Apache Spark is a powerful open-source unified analytics engine for large-scale data processing. It provides high-level APIs in Java, Scala, Python, and R, and an optimized engine that supports general execution graphs. Spark is designed for both batch and streaming data processing, and it's significantly faster than traditional big data processing frameworks.
This cluster is deployed with Apache Spark in standalone cluster mode, consisting of a Master node and two Worker nodes. The standalone cluster manager is a simple way to run Spark in a distributed environment, providing easy setup and management for Spark applications.
Scala, a multi-paradigm programming language, is integral to Apache Spark. It combines object-oriented and functional programming in a concise, high-level language that runs on the Java Virtual Machine (JVM). Spark itself is written in Scala, and while Spark supports multiple languages, Scala provides the most natural and performant interface to Spark's APIs.
The minimum RAM requirement for the worker nodes is 4GB RAM to ensure that jobs can run on the workers without encountering memory constraints. This configuration allows for efficient processing of moderately sized datasets and complex analytics tasks.
NGINX is installed on the master node as a reverse proxy to the worker nodes. The user interface URL is the domain (or rDNS value if no domain was entered). The workers are available via this reverse proxy setup. To access the UI on the master, you will need to provide the username and password that were specified during the cluster deployment. These credentials are also available at /home/$USER/.credentials
for reference.
A Let's Encrypt Certificate is installed in the NGINX configuration. Using NGINX as a revewrse proxy allows for both authentication to the front-end UI, and simplicity when it comes to renewing the Let's Encrypt certificates for HTTPS.
- Ubuntu 22.04 LTS
Software | Version | Description |
---|---|---|
Apache Spark | 3.4 | Unified analytics engine for large-scale data processing |
Java OpenJDK | 11.0 | Runtime environment for Spark |
Scala | 2.11 | Programming language that Spark is built with, providing a powerful interface to Spark's APIs |
NGINX | 1.18 | High-performance HTTP server and reverse proxy |
UFW | Uncomplicated Firewall for managing firewall rules | |
Fail2ban | Intrusion prevention software framework for protection against brute-force attacks |
Customers can choose to the deploy the Apache Spark app through the Linode Marketplace or directly using API. Before using the commands below, you will need to create an API token or configure linode-cli on an environment.
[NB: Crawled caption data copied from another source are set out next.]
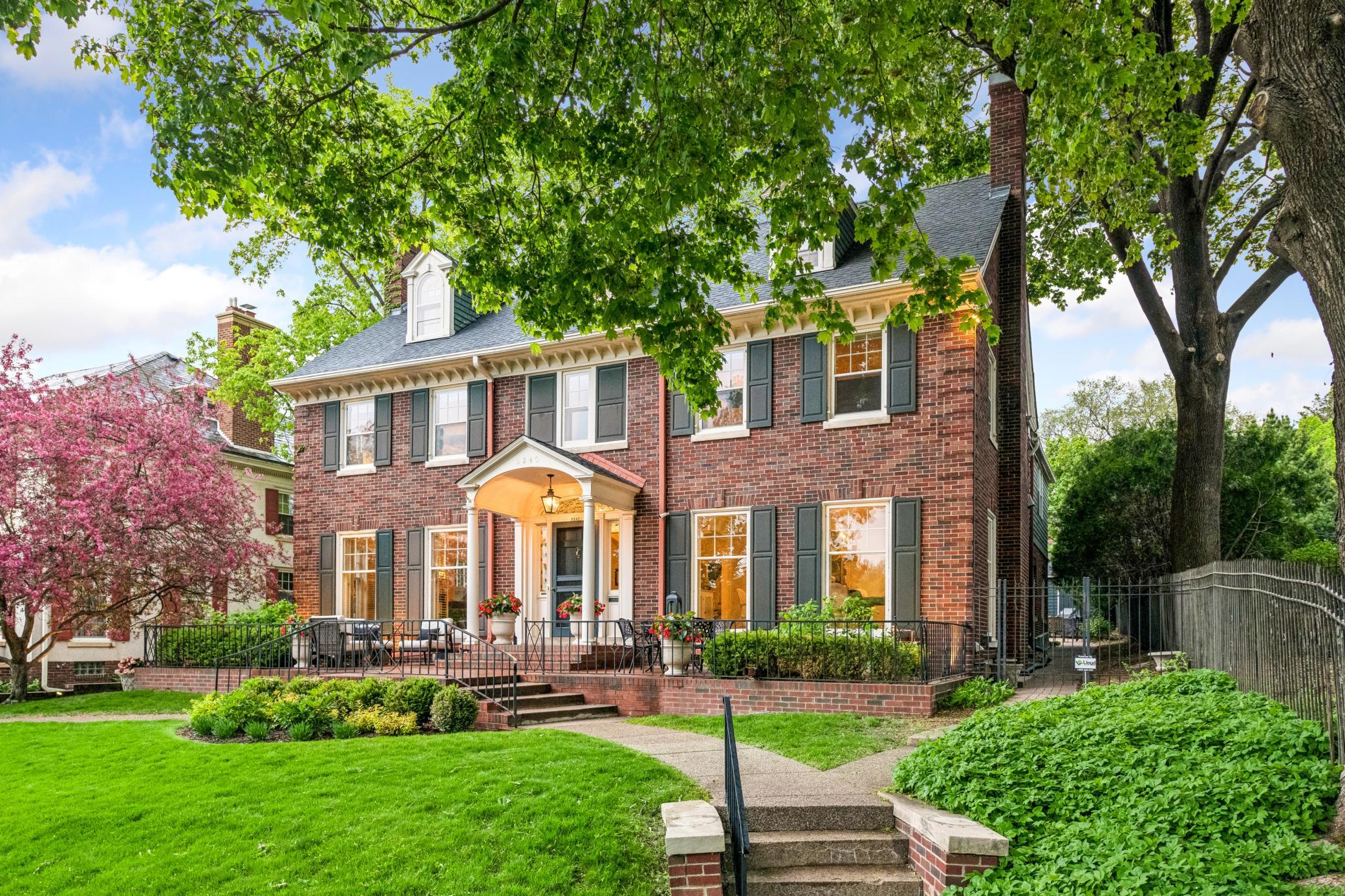 View of Residential at 2240 Lake Of The Isles Parkway, Minneapolis MN 55405, Minneapolis (5 of 88) - Mike Wilen | Minnesota Team Real Estate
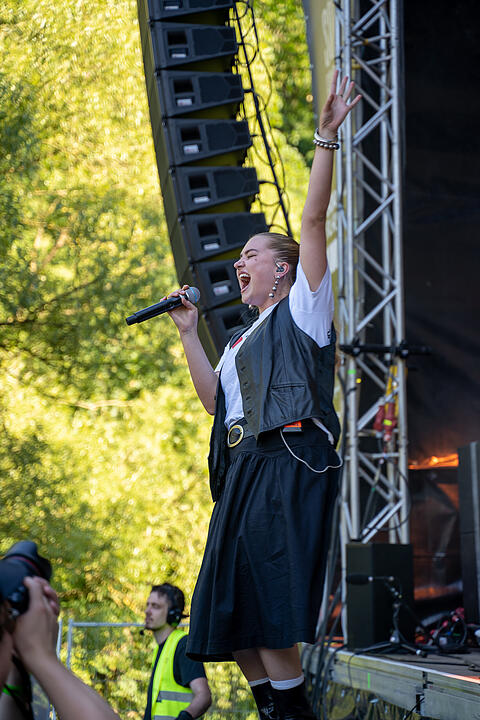 RISE AGAINST, NINA CHUBA, SONDASCHULE, BOSSE u.v.m.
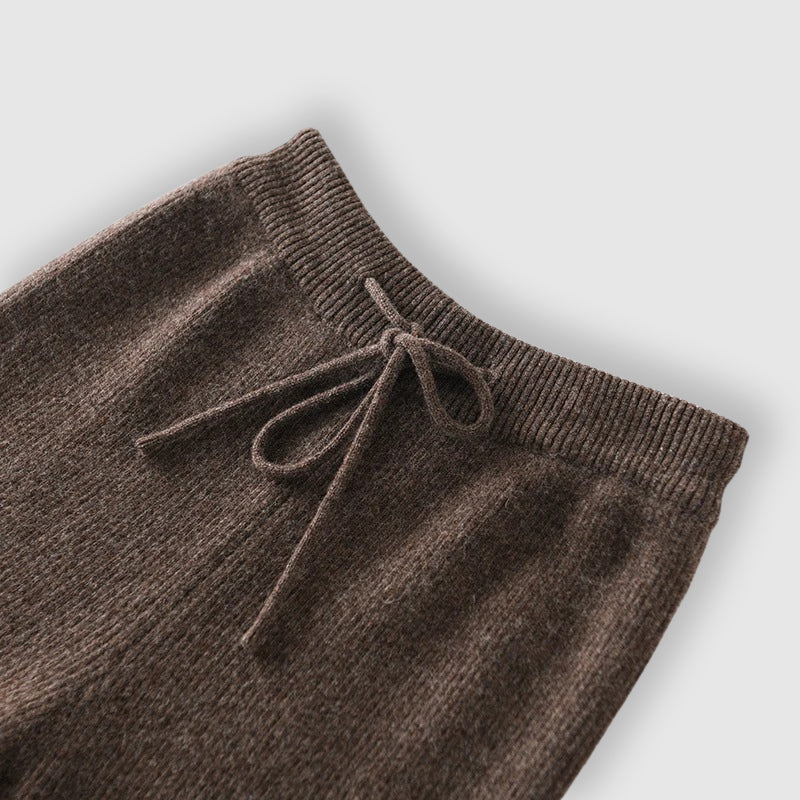 Luxury Wide-Leg Cashmere Knit Pants – Soft, Elegant & Effortlessly Chic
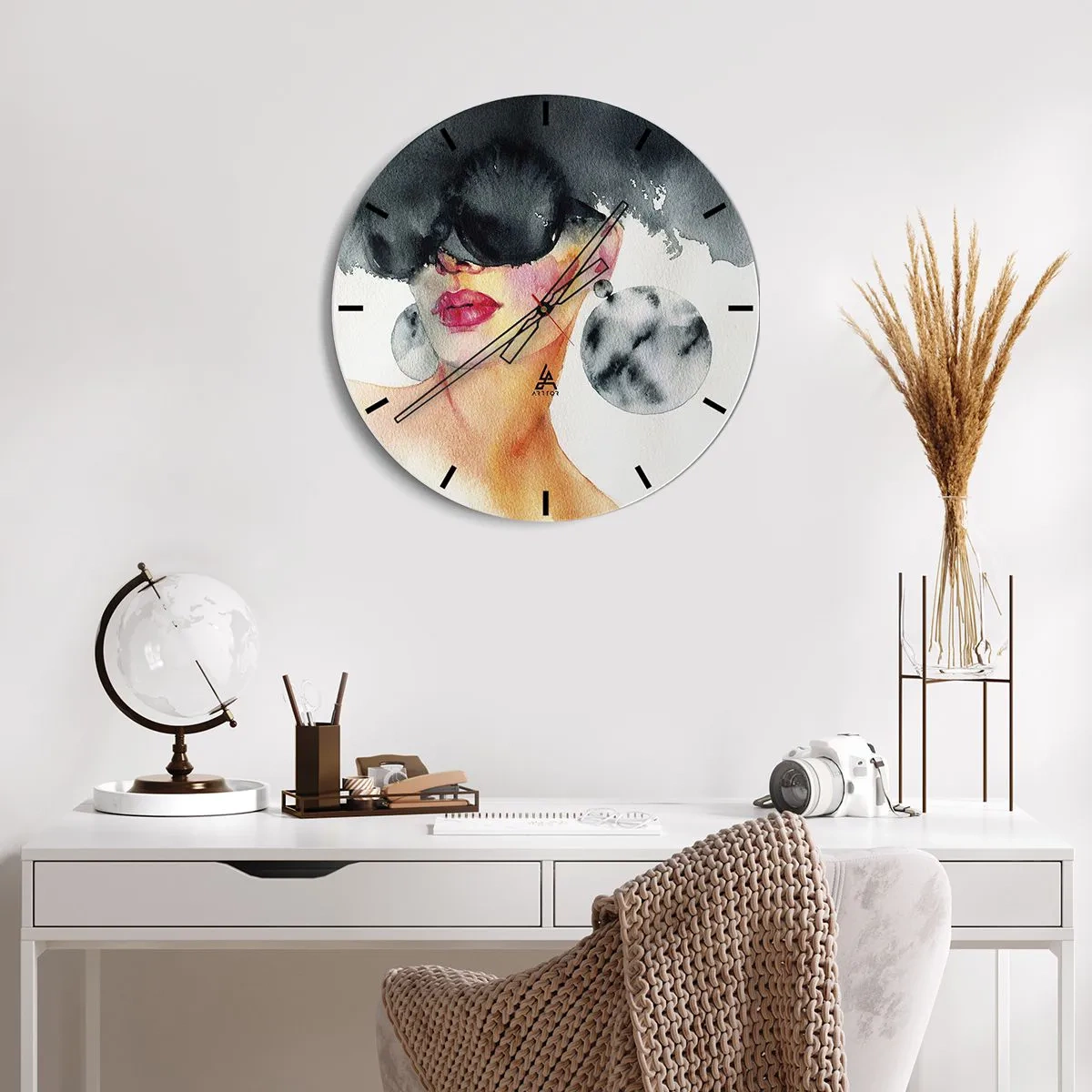 Wanduhr - Glasuhr - Porträt einer Frau mit Brille und großen Ohrringen, Aquarell - 30x30cm - Das Geheimnis der Eleganz - Moderne Wanddekoration für Wohnzimmer, Küche und Schlafzimmer ARTTOR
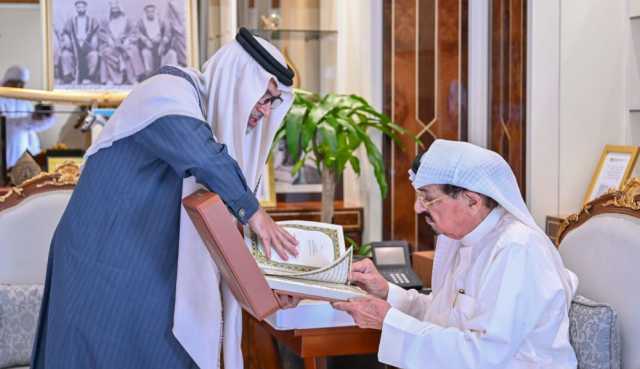 حاكم عجمان يطلع على مشروع طباعة مصحف “حميد بن راشد النعيمي”
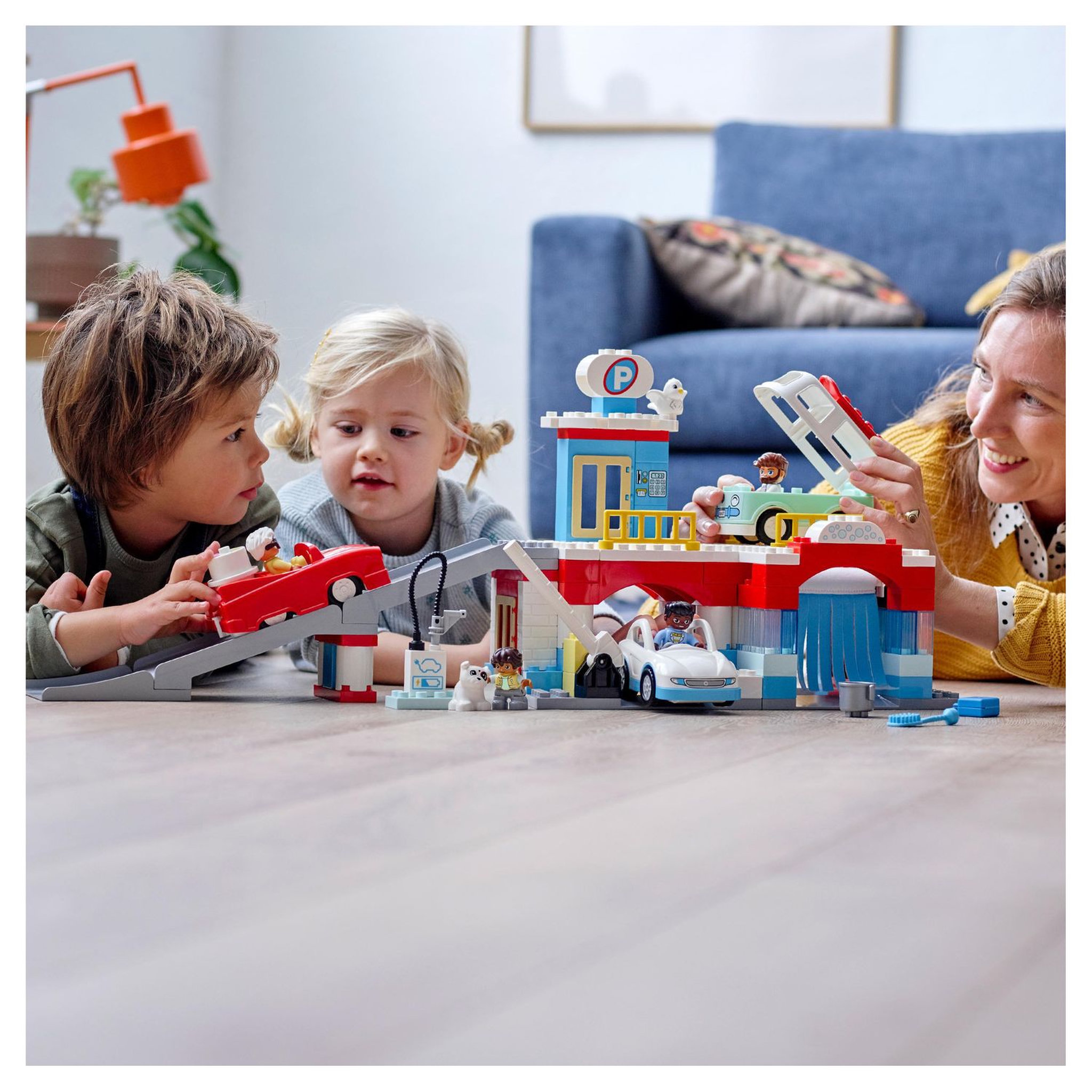 Voir la diapositive 7 : LEGO DUPLO Ma ville 10948 - Le garage et la station de lavage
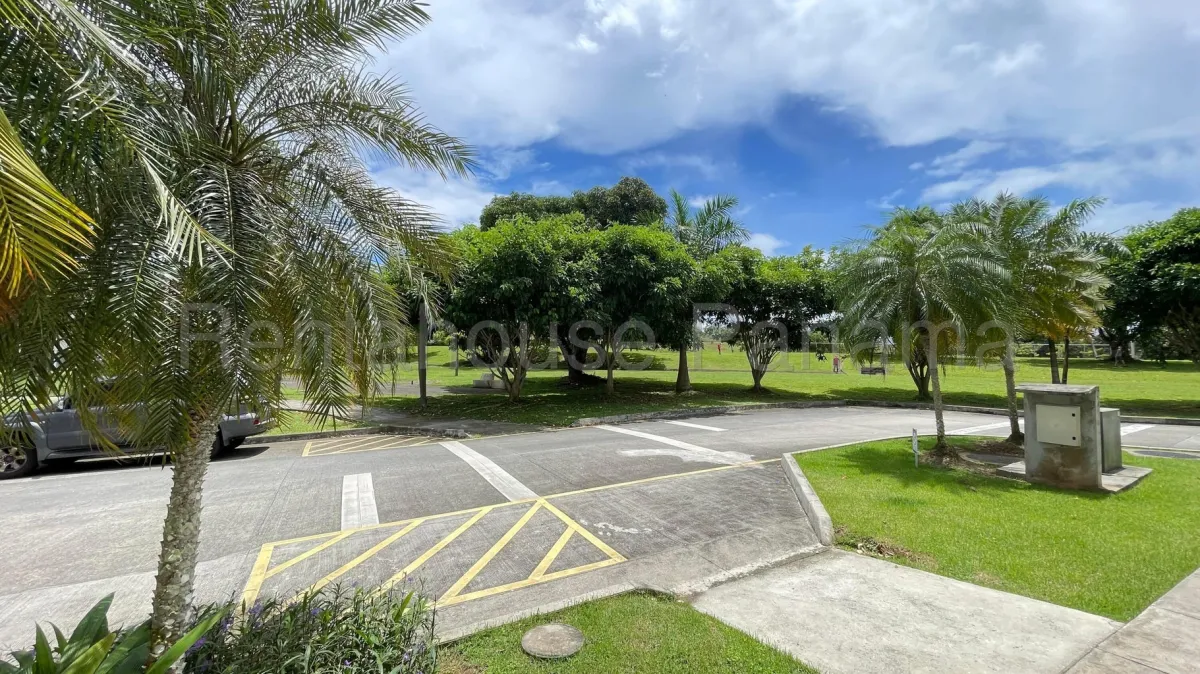 Comodo Apartamento en Venta en Panama Pacifico 26*5338Mfk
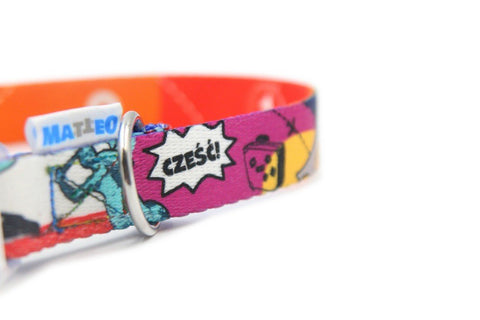 3. Close-up of Matteo collar with colorful print and stainless steel D-ring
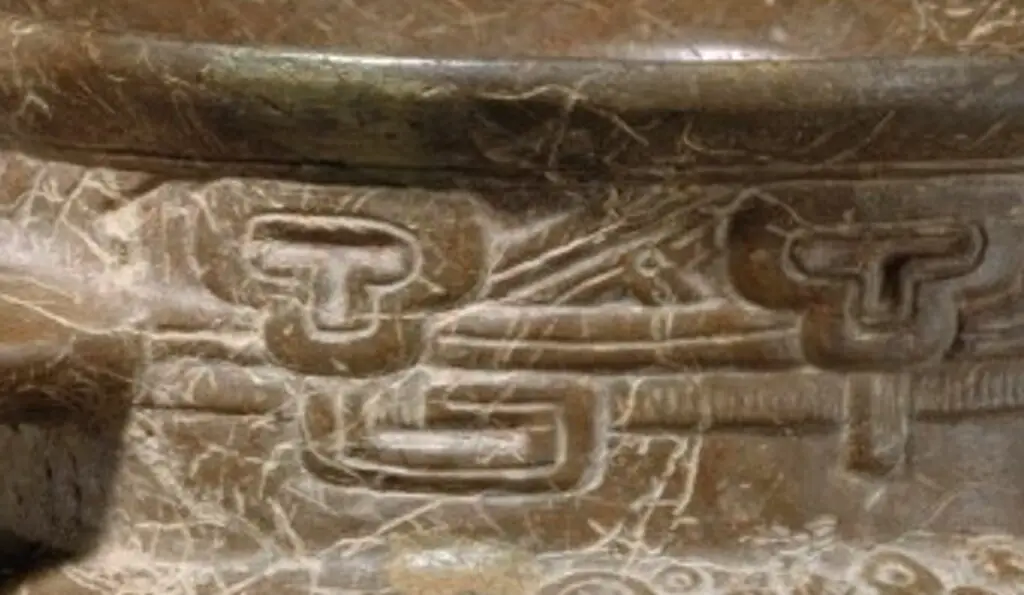 Detalle del tarro maya para el consumo de chocolate. Esta franja es denominada "banda celeste" un indicador de trascendencia y grandeza. (Fotografía Met Museum de Nueva York, bajo licencia de Creative Commons) – SoyMigrante.com – SoyMigrante.com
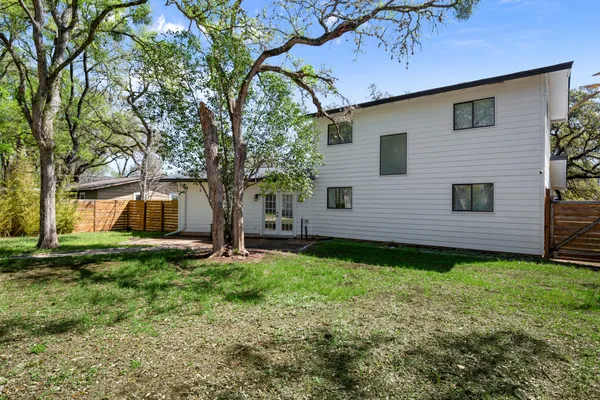 $4,400 | 5504 Kings Highway, Austin, TX 78745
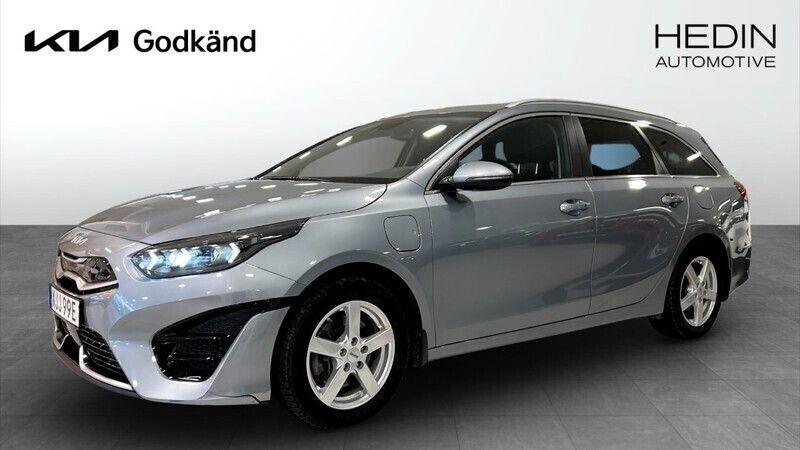 Grå (grey) Begagnad 2021 Kia Ceed Sportswagon Advance Kombi | 234 900 kr (Marknadspris) - Bild 1/4
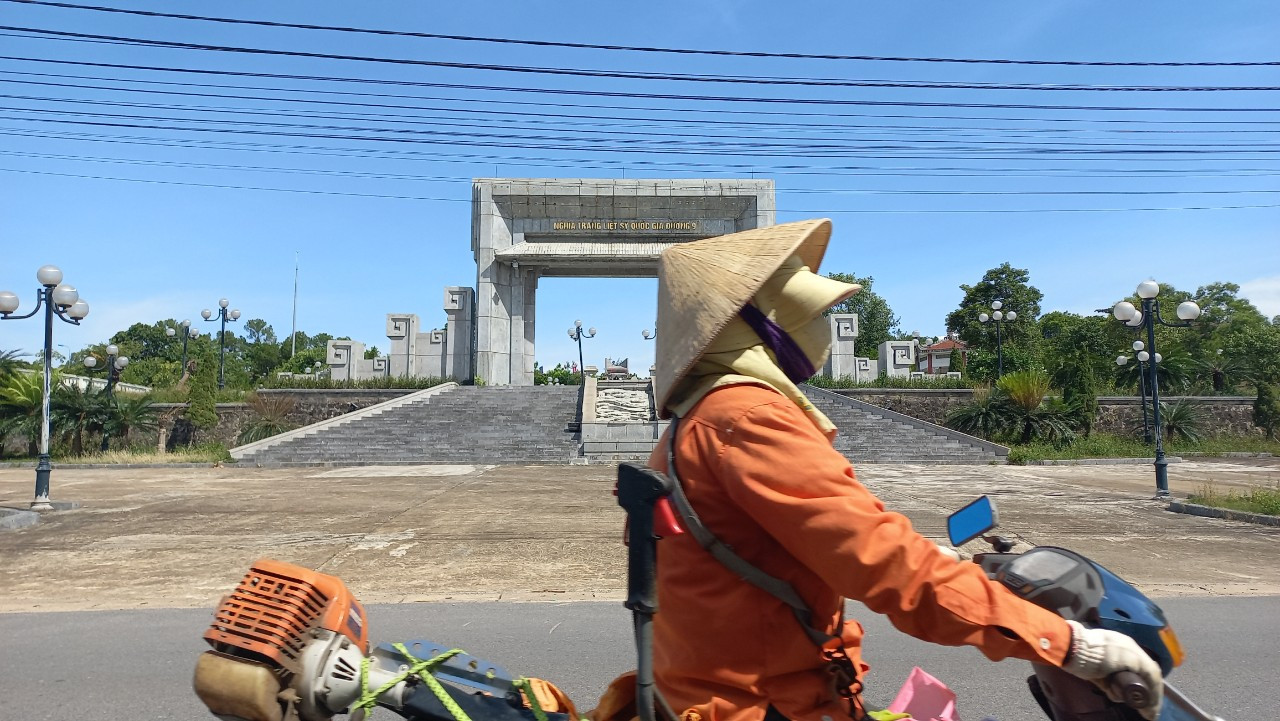 Nghĩa trang liệt sỹ Quốc gia Đường 9, nơi Công ty Việt Anh đang thi công gói thầu về chiếu sáng và âm thanh.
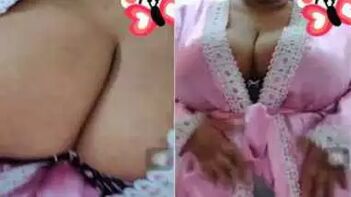 Sultry Indian Milf Flaunts Her XXX-Sized Boobs in Mesmerizing Camera Shot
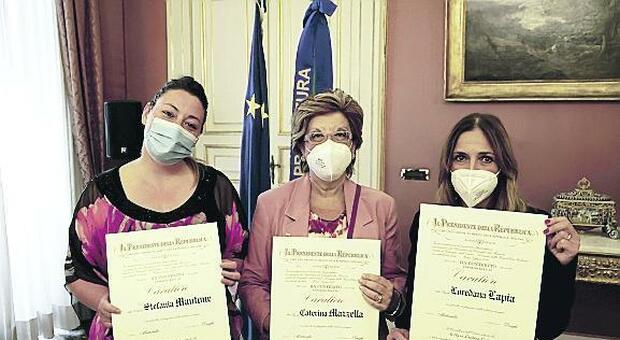 Onorificenze agli infermieri in trincea: «Sono i nostri eroi nella lotta al Covid»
Make sure that the following values are updated at the top of the code block before running the commands:
SHELL:
# user defined
export TOKEN="your api token"
export ROOT_PASS="aComplexP@ssword"
export SUDO_USERNAME="admin"
export CLUSTER_NAME="name of your cluster"
export LABEL="cluster label"
export SPARK_USER="spark username"
export REGION="datacenter region"
curl -H "Content-Type: application/json" \
-H "Authorization: Bearer $TOKEN" \
-X POST -d '{
"authorized_users": [
"yourUser"
],
"backups_enabled": false,
"booted": true,
"image": "linode/ubuntu22.04",
"label": "apache-spark-cluster",
"private_ip": false,
"region": "${REGION}",
"root_pass": "${ROOT_PASS}",
"stackscript_data": {
"add_ssh_keys": "yes",
"cluster_size": "3",
"token_password": "${TOKEN}",
"cluster_name": "${CLUSTER_NAME}",
"sudo_username": "${SUDO_USERNAME}",
"soa_email_address": "${SOA_EMAIL_ADDRESS}",
"spark_user": "${SPARK_USER}"
},
"stackscript_id": 1403818,
"tags": [
"yourtag"
],
"type": "g6-standard-2"
}' https://api.linode.com/v4/linode/instances
CLI:
linode-cli linodes create \
--authorized_users yourUser \
--backups_enabled false \
--booted true \
--image 'linode/ubuntu22.04' \
--label ${LABEL} \
--private_ip true \
--region ${REGION} \
--root_pass '${ROOT_PASS}' \
--stackscript_data '{"add_ssh_keys": "yes","cluster_size":"3","token_password":"${TOKEN_PASSWORD}","cluster_name":"${CLUSTER_NAME}","sudo_username":"${SUDO_USERNAME}","soa_email_address":"${SOA_EMAIL_ADDRESS}", "domain":"${DOMAIN}"}' \
--stackscript_id 1403818 \
--tags mytag \
--type g6-standard-2